We serve the analog world with outstanding exhibitions in dignified rooms, the digital world with professionally prepared information on all artists. Until that point was reached, recalls 58-year-old founder Peter Hofmann, there was an untold number of hour-long, late-night chats with many renowned artists. One digital encounter in particular shaped the gallery's development: the meeting with Jorge Stever, a German artist who emigrated to Venezuela after his great success at Documenta 5 (1972). He knew just as much about personal
friendships with Warhol, Rauschenberg and Richter, as he did about successes and failures in collaborations with major galleries around the world. They were very instructive, intense and emotional conversations over a distance of more than 9.000 kilometers. Above all, one term remained in Hofmann's mind: "responsibility."
Hofmann remembers exactly: "As a gallery owner, you have the
responsibility for your artists and their myth. For your collectors, the responsibility to maintain the value of the works on the market," Jorge Sever said in a lovingly instructive tone. The gallery has made this advice its own.
One of the biggest challenges for art in digital distribution is the emotionality that lives in each work. A photograph says a lot, but by no means everything.Hofmann often stands in front of his camera lens for hours to get the best photo that does the work justice. "As soon as you look at a work through the camera lens, a process of research, examination and admiration begins. It has something
to do with slowly growing love," says Hofmann, describing his gallery work. Only when this feeling returns in the photo is it ready for social media and thus a broad public.
More than 15,000 followers and subscribers now follow the gallery on social media. They are artists, collectors and people who love and appreciate art. "When a dialogue arises in the process, we are delighted. Then we know we've already done a lot right," Hofmann says of the work on Instagram & Co.
The more successful the gallery became in the online sale of art, the more it questioned Cologne as a location. If you sell art online to Tel Aviv, Bologna and Strasbourg, you can also make yourself independent of expensive locations like Cologne. So in 2020, Hofmann went in search of new premises. He found what he was looking for in Bad Ems, a beautiful small town on the Lahn River between Cologne and Frankfurt. Here, where already Fyodor Dostoyevsky was enchanted when he wrote during his stay: "The small town of Ems lies in a deep gorge between wooded hills. The town leans against rocks, the most picturesque in the world. There are promenades and gardens - and all lovely.
With Villa Schloss Johannisberg, the gallery now has new spaces whose 4-meter-high ceilings - framed by old stucco - welcome all works of art in silence and with much dignity. It is precisely this kind of dignity that seems to have been lost to many galleries today. Here, art lovers from the Rhineland between Cologne and Frankfurt/M. can feel, admire and, of course, buy the works over a glass of fine wine.
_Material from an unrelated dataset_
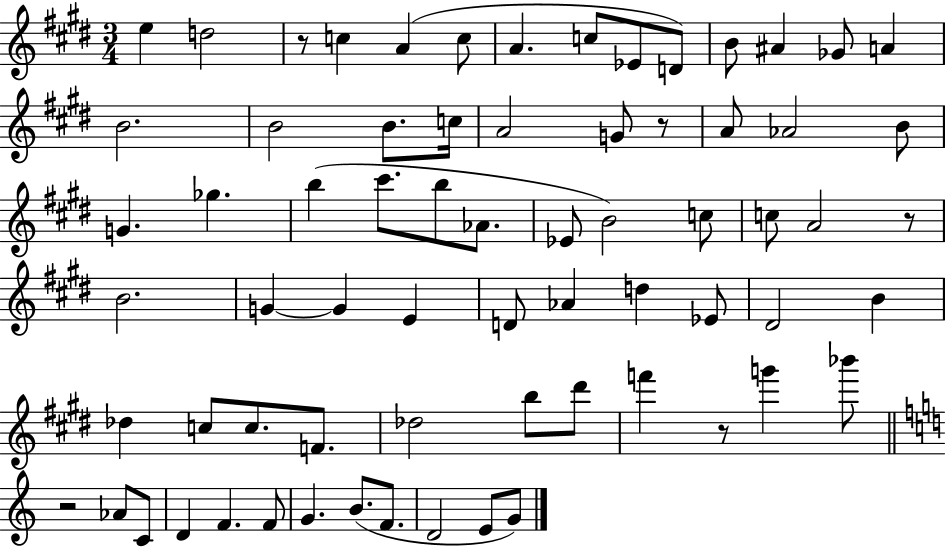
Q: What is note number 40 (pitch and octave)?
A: D5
And when Hofmann invites collectors to dinners, he also likes to open a wide drawer of his antique gallery cabinet later in the evening. The treasures hidden here do not often come to light. But when they do, joy spreads among the guests. They are often small works by female artists such as Abigail Stern from New York, Monique Thomas from Alicante or even Alberto Gallingani from Florence.
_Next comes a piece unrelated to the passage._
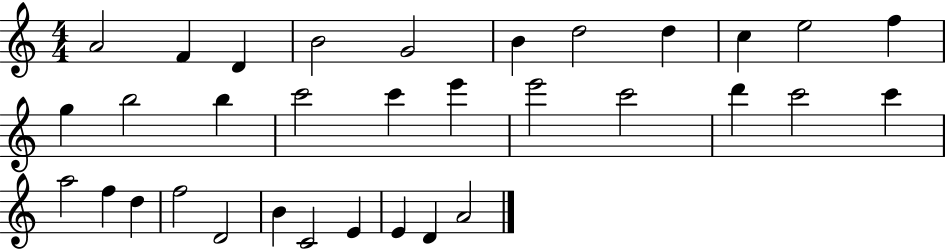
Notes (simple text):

A4/h F4/q D4/q B4/h G4/h B4/q D5/h D5/q C5/q E5/h F5/q G5/q B5/h B5/q C6/h C6/q E6/q E6/h C6/h D6/q C6/h C6/q A5/h F5/q D5/q F5/h D4/h B4/q C4/h E4/q E4/q D4/q A4/h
And every month new artists join the small group of selected artists.
Most recently Bernd Kalusche and the Dutch Ron Weijers.
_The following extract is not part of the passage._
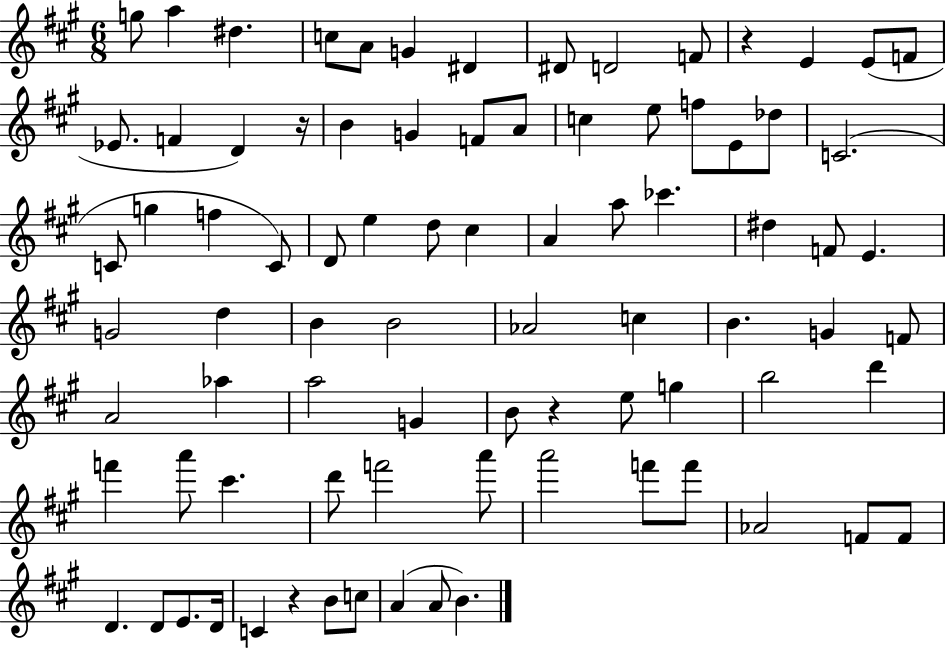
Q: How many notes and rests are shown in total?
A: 84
In selecting the artist Hofmann takes in the gallery, he decides from his gut. In addition to experience, it is primarily a feeling that tells him which artist fits. This feeling, Hofmann explains, is more important than a selection based on market judgements, fashion trends or degree programs. In this, Rita Daublander's latest exhibition, "Mystery Places," proves him right. "Rita was a lucky chance
discovery" Hofmann enthuses. "There you have artists from Japan, the U.S, and Canada, and suddenly an artist whose studios are just two streets away from the gallery shows up. I had just hung the freshly delivered works on the wall to photograph them, and a collector came into the gallery and immediately bought all four works." Hofmann reports.